Il remonta doucement l’allée qui serpentait à travers la pelouse.
Lucienne était peut-être morte ?
Cette idée lui vint au moment où il mit la main sur la poignée de la porte. Il se figea pour essayer de deviner ou d’entendre.
Non, elle vivait. Elle vivrait…
Il entra. Le hall était carré et dallé en noir et blanc. Un immense philodendron drapait un mur, formant une sorte de tonnelle au-dessus de la porte du living. Laurent vit Bardin, dans un incroyable complet bleu vif scintillant, vautré sur un divan. Martine se tenait assise en face de l’imprésario. Comment la jeune femme s’était-elle présentée ?
Il s’avança vers le couple, les mâchoires crochetées par l’anxiété.
Du regard il interrogea Martine. Elle comprit la question muette et murmura :
— C’est toujours pareil.

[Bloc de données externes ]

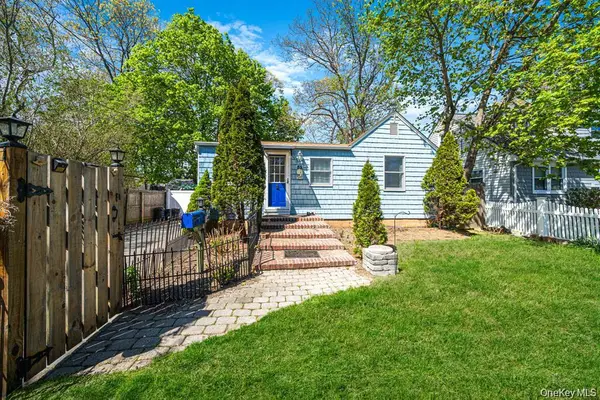 32 Dewey Street, Port Jefferson, NY 11776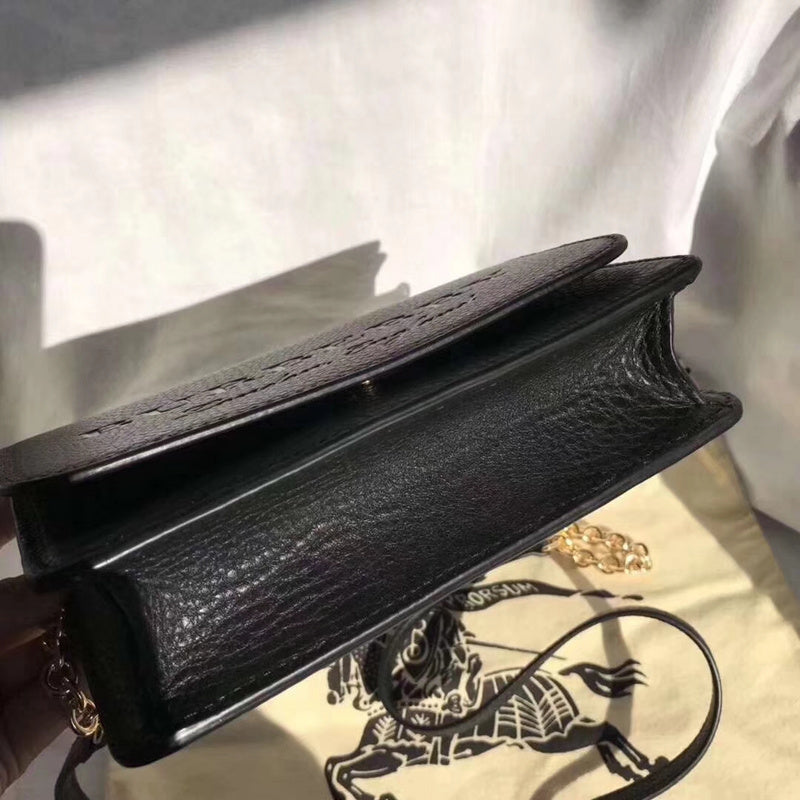 Burberry Bags - Bagsattire   270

Les infirmiers viennent de partir. Nous devons faire appel tout de suite à son médecin pour les calmants. Il n’y a rien d’autre à faire.
Bardin se dressa et crut devoir administrer une bourrade affectueuse à Haller.
— Mon pauvre vieux, c’est épouvantable. Je disais à madame que vous devriez appeler le professeur Duroc : on ne sait jamais…
— Oui, balbutia Laurent, on ne sait jamais…
— Je lui téléphone ? Je le connais : il chasse avec mon beau-frère et…
Un phénomène se produisait. Depuis qu’il était de retour chez lui, Laurent cessait par instants de percevoir les bruits ; un peu comme s’il y avait eu un mauvais contact dans son système auditif. Il voyait parler Bardin et il trouvait cela comique. Ça lui rappelait des danseurs vus à travers une vitre ; on n’entend pas la musique et leurs pas savants paraissent ridicules.